5. Parties’ Contentions
The Complainant claims the transfer of the disputed domain name on the ground that all three elements of paragraph 4(a) of the Policy are present.
As to the first element, the Complainant argues that it has been established in such cases as Sony Kabushiki Kaisha (also trading as Sony Corporation) v. Inja Kil, WIPO Case No. D2000-1409 (December 9, 2000), Homer TLC, Inc. v. Kevin Daste, NAF Case No. FA0604000675788 (May 24, 2006) and CSAV, Inc. v. Jucco Holdings c/o Admin, NAF Case No. FA6030000662211 (May 5, 2006) that where a domain name incorporates the entirety of a mark plus an ordinary descriptive word, the domain name and mark are identical or sufficiently similar to render them confusingly similar. In this case, the disputed domain name incorporates the distinctive LONGCHAMP mark in its entirety and combines that mark with the ordinary descriptive word “purses”. Accordingly, there is sufficient similarity to find LONGCHAMP and <longchamppurses.com> identical or confusingly similar. The Complainant adds that the fact that the LONGCHAMP mark and the disputed domain name are both used in connection with providing handbags, luggage, accessory and other “fashion” items, increases the likelihood of confusion. The presence of “.com” in <longchamppurses.com> does not sufficiently distinguish the domain name in a manner that would eliminate or reduce confusion between LONGCHAMP and <longchamppurses.com> among consumers.

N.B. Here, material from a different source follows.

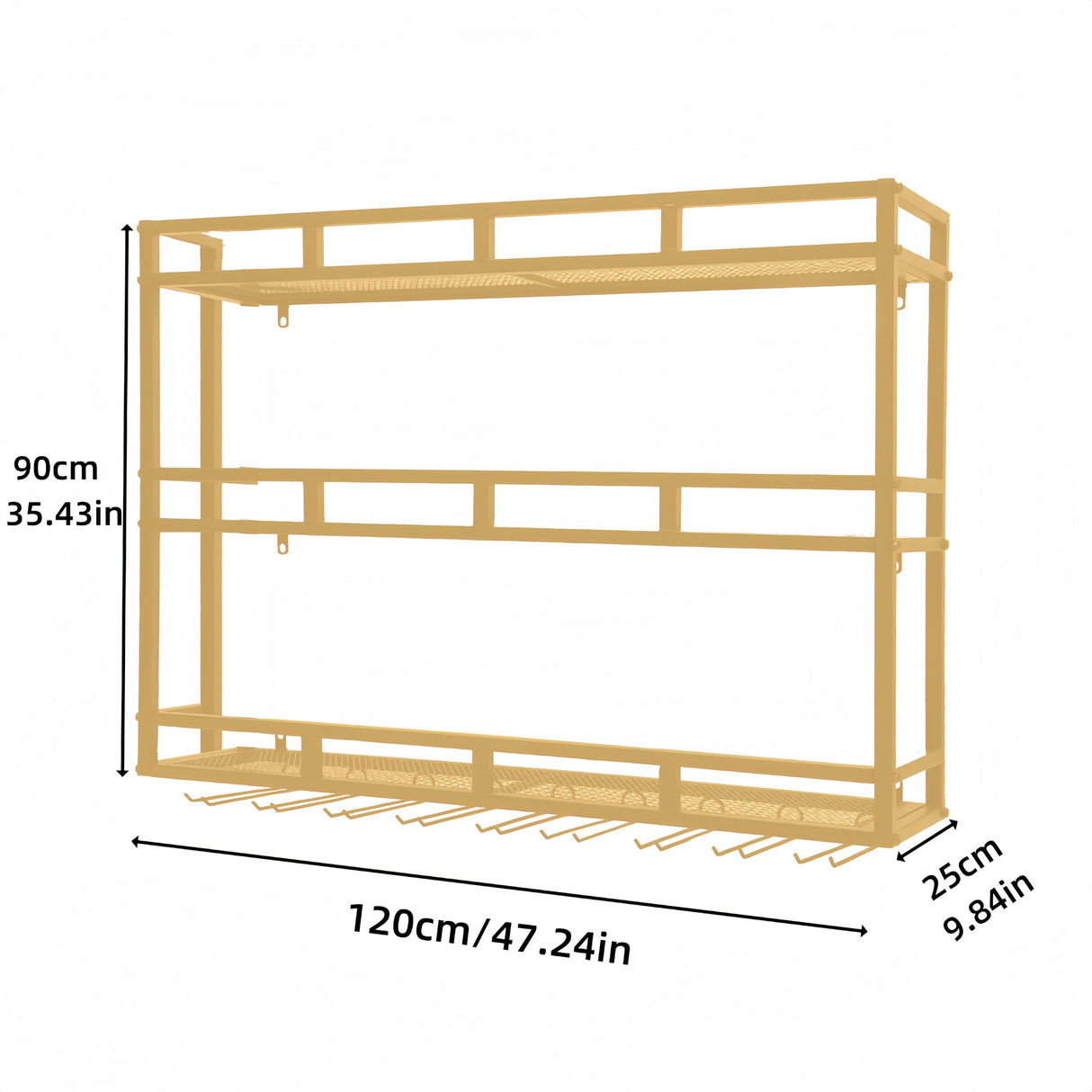 HFTUW Metal Wine Rack Wall Mounted, Bar Shelves for Liquor Bottles with LED Light, 3 Tier Large Capacity Liquor Rack Wall Mounted with Glass Holder for Home Bar & Dining Room (Gold, 47in/120cm) HFTUW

As to the second element, the Complainant says that the Respondent has never been known by the domain name <longchamppurses.com>. It is not authorized to sell the Complainant’s products or otherwise to use the LONCHAMP mark.
As to the third element, the Complainant makes four points. First, it says that the Respondent registered and used the disputed domain name in bad faith in that it is intentionally using that domain name to attract, for commercial gain, internet users to its website by creating a likelihood of confusion with Complainant’s mark. Secondly, it relies on a “history and pattern” of registering domain names that are similar to well-known marks. As at the date of the Complaint, there had been at least 18 UDRP decisions in which the Respondent was found to have registered one or more domain names in bad faith. Thirdly, it alleges that the Respondent registered and uses the disputed domain name primarily to disrupt Longchamp’s business because it is using that domain name in connection with a website offering links relating to goods that directly compete with those offered by the Complainant. Fourthly, it has offered the disputed domain name for sale.
The Respondent did not reply to the Complainant’s contentions.
6. Discussion and Findings
Paragraph 4a of the Policy requires a complainant to prove that:
(i) the disputed domain name is identical or confusingly similar to a trademark or service mark in which the Complainant has rights;
(ii) the Respondent has no rights or legitimate interests in respect of the domain name;
(iii) the disputed domain name has been registered and is being used in bad faith.
In the administrative proceedings, each and every one of those three elements must be present.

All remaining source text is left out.